A smartphone with a Neuralink logo displayed is placed on a computer motherboard in this illustration taken.

Neuralink, Elon Musk’s brain-chip company, aims to enroll three patients to evaluate its device in a study expected to take several years to complete, according to details on the U.S. government’s clinical trials database.

The company had sought to enroll 10 patients when it applied to U.S. regulators to begin clinical trials, Reuters reported last year. Neuralink is testing its implant designed to give paralyzed patients the ability to use digital devices by thinking alone, a prospect that could help people with spinal cord injuries.

Before Neuralink posted details of its trial this week, the company faced criticism from brain implant researchers and former regulatory officials for not sharing information about the study, as is common in the industry.

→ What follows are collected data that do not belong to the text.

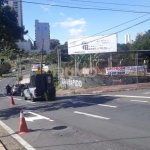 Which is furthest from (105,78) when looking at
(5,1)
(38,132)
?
(38,132)

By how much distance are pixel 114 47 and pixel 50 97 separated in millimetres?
17173

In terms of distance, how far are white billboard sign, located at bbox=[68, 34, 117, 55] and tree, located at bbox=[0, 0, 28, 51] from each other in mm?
21842

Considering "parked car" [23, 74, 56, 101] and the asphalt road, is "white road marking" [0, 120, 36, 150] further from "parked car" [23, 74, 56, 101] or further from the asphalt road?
"parked car" [23, 74, 56, 101]

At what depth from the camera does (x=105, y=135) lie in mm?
8484

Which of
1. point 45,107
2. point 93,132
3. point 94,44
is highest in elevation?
point 94,44

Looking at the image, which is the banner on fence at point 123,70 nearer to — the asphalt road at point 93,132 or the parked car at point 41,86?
the parked car at point 41,86

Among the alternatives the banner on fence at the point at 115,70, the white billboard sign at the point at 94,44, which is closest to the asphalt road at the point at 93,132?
the banner on fence at the point at 115,70

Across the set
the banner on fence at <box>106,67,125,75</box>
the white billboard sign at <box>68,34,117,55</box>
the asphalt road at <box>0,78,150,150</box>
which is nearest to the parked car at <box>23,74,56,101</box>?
the asphalt road at <box>0,78,150,150</box>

The U.S. Food and Drug Administration, which approved the clinical trial, said it generally likes companies to publish information about their studies to enhance public trust and honor patients who participate.

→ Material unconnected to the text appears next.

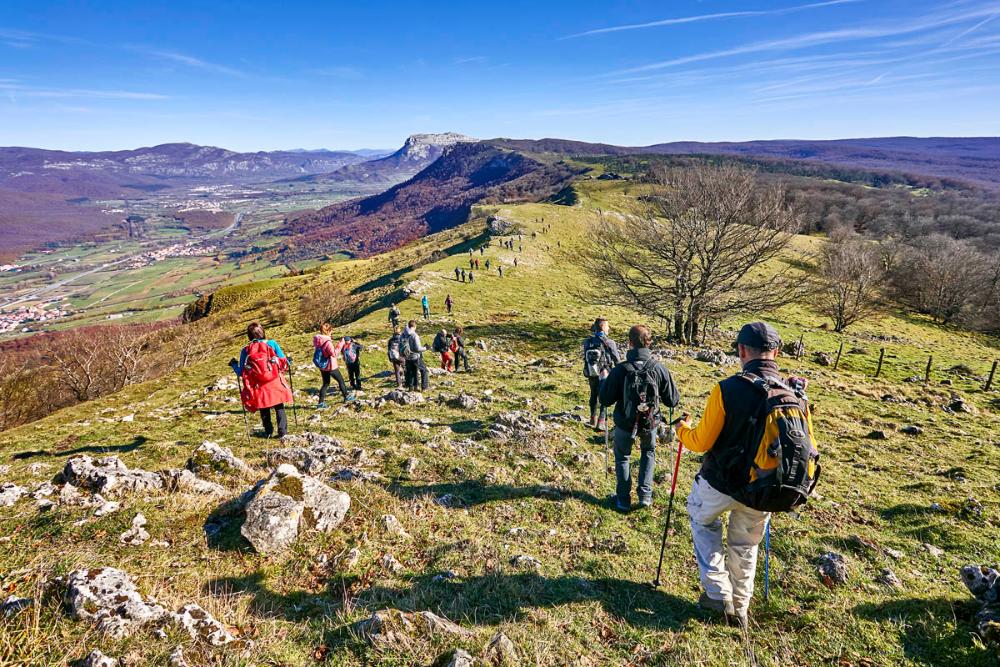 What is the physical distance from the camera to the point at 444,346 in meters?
18.1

The FDA declined to comment on Neuralink, and company executives did not respond to a request for comment.

Neuralink’s study is estimated to have a primary completion date of 2026, with the full study expected to be complete in 2031. The study will enroll patients between the ages of 22 and 75 years with conditions such as quadriplegia.

According to eligibility criteria posted on the database, patients must have limited mobility without improvement for at least one year, with a life expectancy greater than or equal to 12 months.

Eligible patients must have very limited or no hand, wrist, and arm movement due to spinal cord injury or a neurological disorder called amyotrophic lateral sclerosis (ALS).

The “first-in-human early feasibility study” began in January, according to the registry details posted on Monday.

Early feasibility studies are exempt from a requirement to post trial details on the U.S. National Institutes of Health’s ClinicalTrials.gov website, but major medical journals often require trials to be registered on the database.

Neuralink has for years fielded calls from interested patients, well before the company received approval last year to begin conducting trials in people, Neuralink sources said.

The study uses a robot to surgically place a brain-computer interface (BCI) implant in a region of the brain that controls the intention to move, Neuralink had said.

In January, Neuralink implanted the device in the brain of its first patient, Noland Arbaugh, who is paralyzed from the shoulders down due to a 2016 diving accident.

The device has allowed Arbaugh to play video games, browse the internet and move a computer cursor on his laptop by thinking alone, according to company blog posts and videos.